The statistical features of the probability distribution function (PDF) for different temperatures are shown in Figure 3. We can see that the simulated Tmean has a higher probability in the value range of 5–25 °C, while agreement in the simulated Tmean and observation occurred in values below −15 °C and the possibility was over simulated slightly in the area of −15–5 °C. There is a systematic shift to warmer areas for the simulated Tmin compared to the observation, while the corrected PDF for the Tmean and Tmin fits well with the observed values. High-quality corrected scenario datasets enabled the analysis of the agro-meteorological thermal resources to be more reasonable and reliable in this paper.
Figure 4 shows the spatial distribution features of observed, simulated and corrected AT10, PGS and FFP in the baseline period, separately. From the comparison of simulated and observed AT10 in Figure 4a,b, we can conclude that PRECIS can capture the main distribution characteristics of AT10 in most parts of NEC, while overestimating in the Lesser Khingan and Changbai Mountains with the bias value more than 100 °C·day, even up to 400 °C·day. On the other hand, it underestimated, with a bias value in the range of 100–150 °C·day, in the Songnen and Sanjiang Plains, and less than 300 °C·day in Liaohe Plain. It can be seen from Figure 4c that the bias of the corrected AT10 minus observation can be narrowed down below 50 °C·day in the Sanjiang and Songnen Plains, and less than 50–100 °C·day in Liaohe Plain, while in mountainous areas, the bias can be reduced to less than 100 °C·day.
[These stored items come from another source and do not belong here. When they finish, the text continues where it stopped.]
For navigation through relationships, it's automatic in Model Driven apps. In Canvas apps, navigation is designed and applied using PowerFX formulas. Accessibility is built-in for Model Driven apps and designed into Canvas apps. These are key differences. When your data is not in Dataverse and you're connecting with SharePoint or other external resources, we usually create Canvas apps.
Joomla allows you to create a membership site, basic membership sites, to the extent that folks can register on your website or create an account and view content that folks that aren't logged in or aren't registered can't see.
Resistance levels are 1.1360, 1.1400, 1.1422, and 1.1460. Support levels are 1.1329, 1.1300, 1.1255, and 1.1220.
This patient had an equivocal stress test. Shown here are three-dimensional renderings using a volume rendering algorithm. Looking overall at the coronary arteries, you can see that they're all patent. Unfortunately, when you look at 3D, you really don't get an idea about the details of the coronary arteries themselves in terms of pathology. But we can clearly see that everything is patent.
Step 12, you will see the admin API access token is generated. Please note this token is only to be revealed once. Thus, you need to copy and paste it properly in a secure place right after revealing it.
As the calculation of both PGS and AT10 relies on the Tmean, the distribution feature of the observed and simulated PGS in Figure 4d,e resembles that of the AT10, with PGS over 130 days in plain areas, and below 130 days in mountainous areas, which is overestimated in the Lesser Khingan and Changbai Mountains, with a bias value over 5 days and up to 15 days, and is underestimated with a bias value in the range of −20–5 days over the three plains. The bias of the corrected PGS and observation can be greatly reduced, as shown in Figure 4f: the bias values can be reduced to below 2 days in the Sanjiang and Songnen Plains, to the range of 5–7 days in Liaohe Plain, and to below 7 days in the Lesser Khingan and Changbai Mountains.
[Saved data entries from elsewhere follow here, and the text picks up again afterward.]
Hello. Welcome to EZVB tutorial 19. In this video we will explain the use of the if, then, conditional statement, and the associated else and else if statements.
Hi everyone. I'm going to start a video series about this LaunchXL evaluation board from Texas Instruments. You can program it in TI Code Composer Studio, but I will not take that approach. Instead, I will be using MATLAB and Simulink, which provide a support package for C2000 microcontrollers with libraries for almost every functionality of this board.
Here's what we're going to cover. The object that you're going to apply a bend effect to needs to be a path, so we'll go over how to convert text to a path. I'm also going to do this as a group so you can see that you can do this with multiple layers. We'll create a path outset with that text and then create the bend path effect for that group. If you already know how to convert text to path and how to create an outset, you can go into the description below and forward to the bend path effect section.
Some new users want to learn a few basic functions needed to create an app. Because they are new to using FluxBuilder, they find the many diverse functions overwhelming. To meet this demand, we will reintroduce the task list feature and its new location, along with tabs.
Since the calculation of FFP depends on the Tmin, which is much more overvalued than the Tmean in mountainous regions and is well simulated in plains regions, as shown in Figure 2g,i, the comparison of FFP in Figure 4g,h clearly presents overvaluing in the Lesser Khingan and Changbai Mountains, with a bias value of more than 10 days, and undervaluing in the Songnen and Liaohe Plains, with a bias value in the range of −10–5 days, and less than 10 days in the Sanjiang Plain. Meanwhile, the bias of the corrected FFP minus observation was greatly decreased to the range of −1–4 days in the three plains, while being below 2 days over most areas of the Lesser Khingan and Changbai mountains.
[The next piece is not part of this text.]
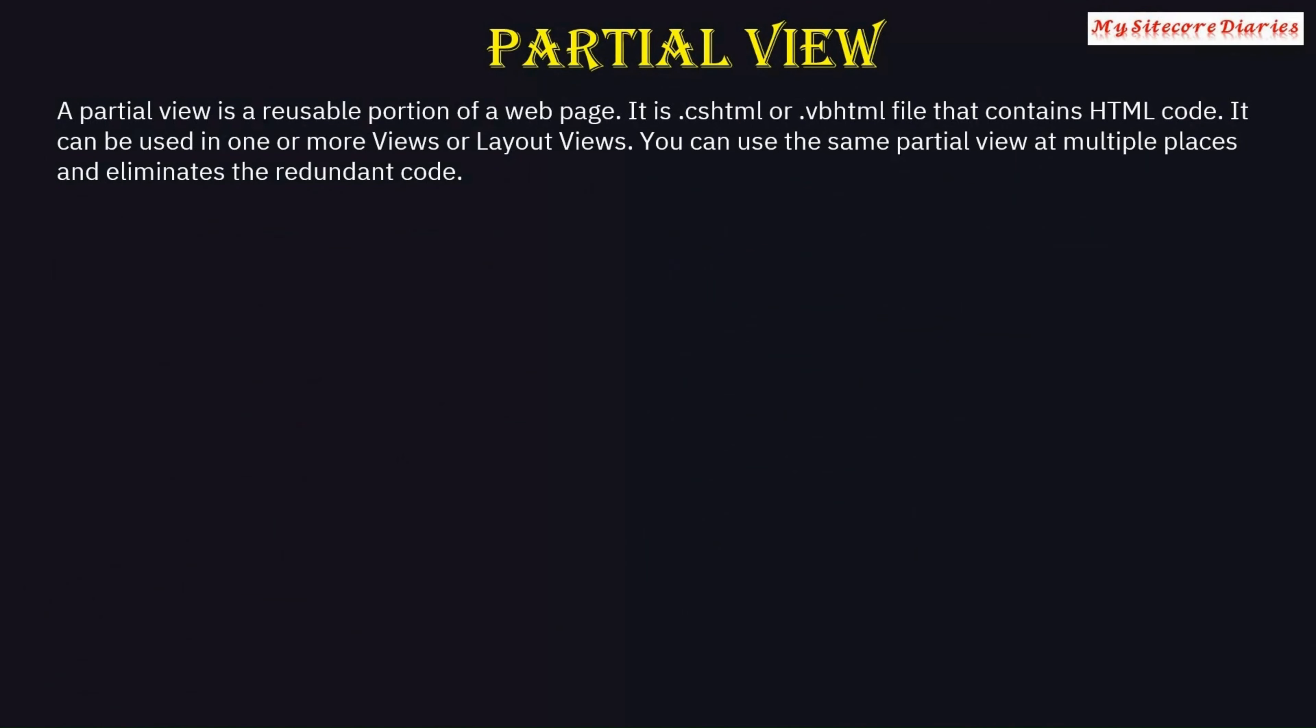A partial view is a reusable portion of a web page. It is a .cshtml or .vbhtml file that contains HTML code. It can be used in one or more views or layout files.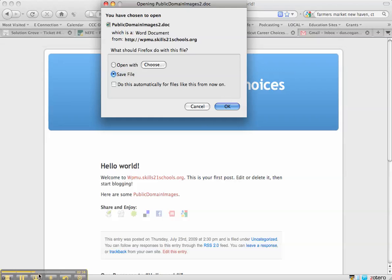So there you have it. That's how you upload a file, link to it, and make it available for download. In this case it's a Word document. The same goes for Word, PDF, other formats as well.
In conclusion, over estimation appears in mountainous areas and underestimation occurs in plains areas for AT10, PGS and FFP, while the gaps between the simulation and observation have been fixed owing to the applications of correction; therefore, analysis on the future trends in this paper will consequently be based on the corrected AT10, PGS and FFP.

3.2. Changes of AT10, PGS and FFP during the 21st Century

It is clearly shown in Figure 5 that the Tmean and Tmin in the 2020s, 2050s and 2080s would increase gradually, relative to the baseline. A common feature that is indicated is that the warming in the northern part of NEC is more obvious than that in the southern part, and the increment of the Tmin is higher than the Tmean. For the Tmean in Figure 5a–c, greater increments appear in 2041–2070, with values above 3.2 °C in most areas, compared with the Tmean changes in 2020s, with increments over 1.6 °C. During 2071–2100, the changes in the Tmean would experience the most dramatic increase over the whole NEC region, especially for Heilongjiang province, with increments over 3.8 °C, relative to the baseline level. In Figure 5d–f, the changes of the Tmin resemble those of the Tmean; however, the increments are even larger for the Tmin compared with the Tmean in all three future periods, with increments above 4.0 °C in most parts of Heilongjiang province at the end of the 21st century.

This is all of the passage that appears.